(Extracted material)

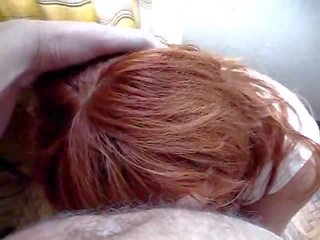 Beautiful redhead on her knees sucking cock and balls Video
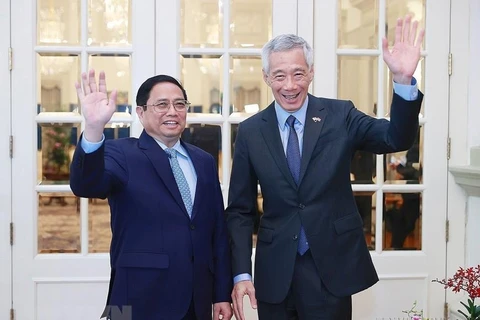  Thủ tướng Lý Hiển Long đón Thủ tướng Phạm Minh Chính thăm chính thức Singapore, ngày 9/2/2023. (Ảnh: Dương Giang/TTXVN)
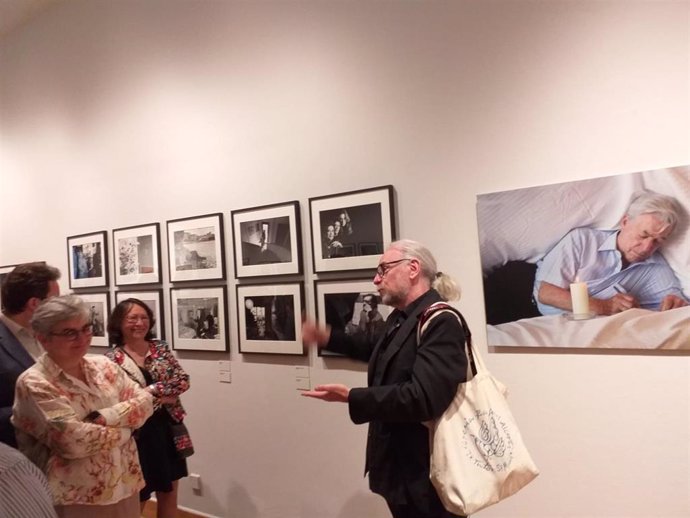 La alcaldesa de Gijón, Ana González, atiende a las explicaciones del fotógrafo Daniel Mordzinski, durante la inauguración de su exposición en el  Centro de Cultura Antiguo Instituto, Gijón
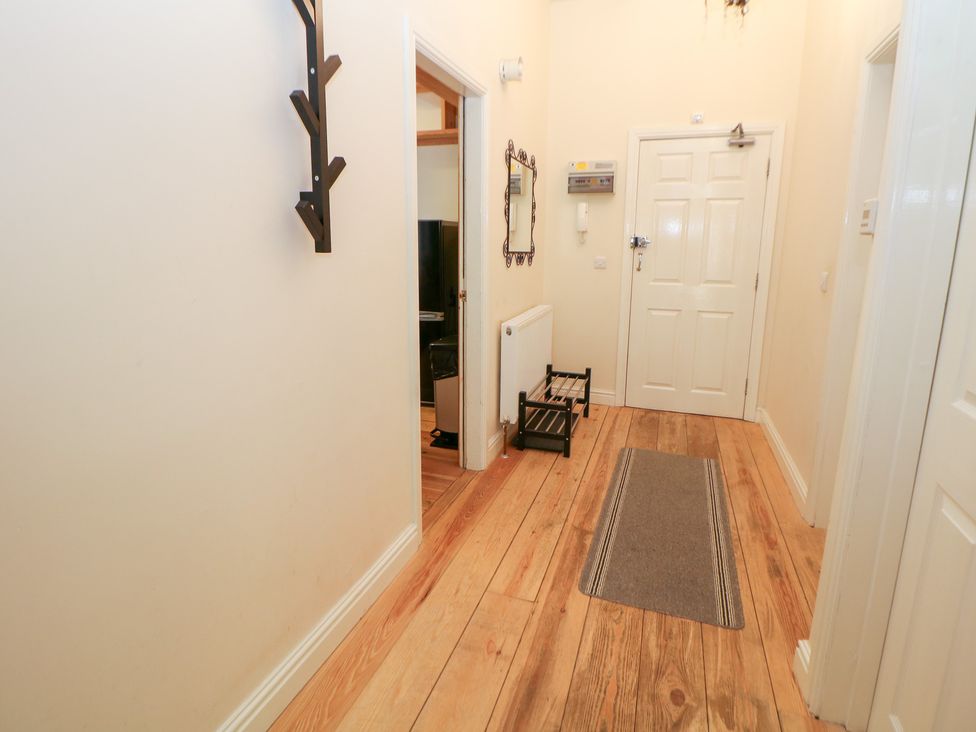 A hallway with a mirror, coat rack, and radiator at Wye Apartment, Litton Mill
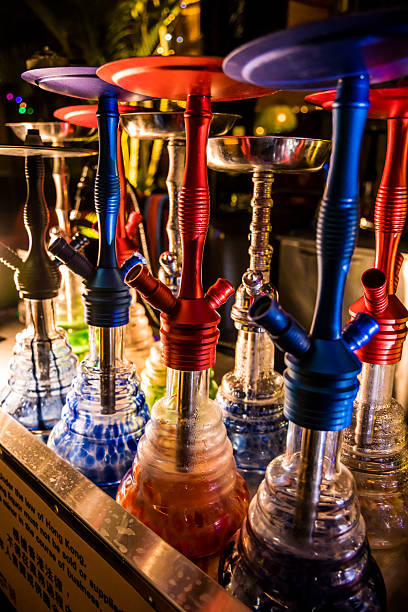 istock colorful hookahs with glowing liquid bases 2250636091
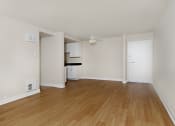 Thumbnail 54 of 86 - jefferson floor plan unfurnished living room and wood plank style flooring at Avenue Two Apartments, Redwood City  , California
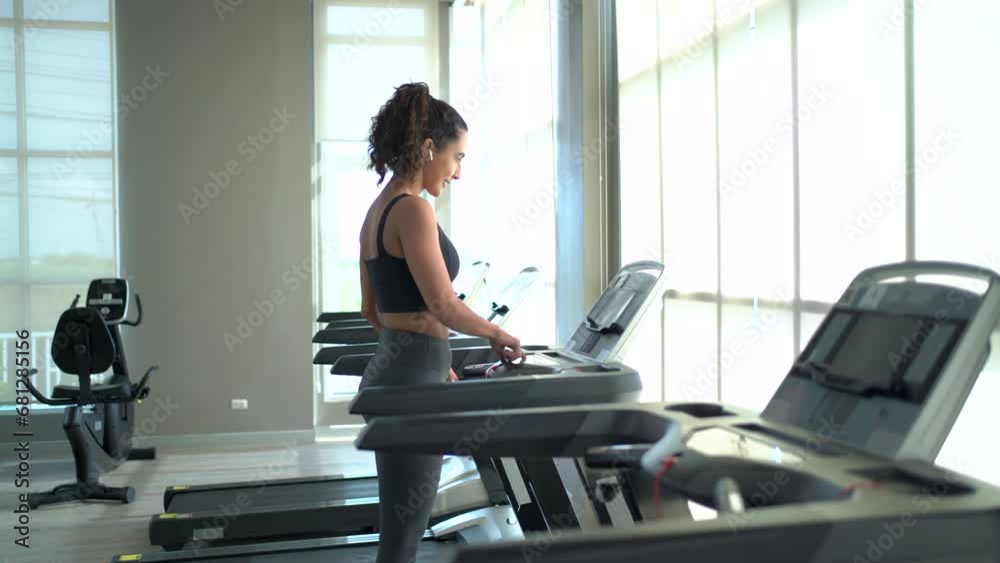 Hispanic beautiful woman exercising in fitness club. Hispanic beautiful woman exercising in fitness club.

(End Extracted material)

What is being asked
What the answer needs is every record above, exactly as written, and no pictures.

Exercise answer
 Beautiful redhead on her knees sucking cock and balls Video
  Thủ tướng Lý Hiển Long đón Thủ tướng Phạm Minh Chính thăm chính thức Singapore, ngày 9/2/2023. (Ảnh: Dương Giang/TTXVN)
 La alcaldesa de Gijón, Ana González, atiende a las explicaciones del fotógrafo Daniel Mordzinski, durante la inauguración de su exposición en el  Centro de Cultura Antiguo Instituto, Gijón
 A hallway with a mirror, coat rack, and radiator at Wye Apartment, Litton Mill
 istock colorful hookahs with glowing liquid bases 2250636091
 Thumbnail 54 of 86 - jefferson floor plan unfurnished living room and wood plank style flooring at Avenue Two Apartments, Redwood City  , California
 Hispanic beautiful woman exercising in fitness club. Hispanic beautiful woman exercising in fitness club.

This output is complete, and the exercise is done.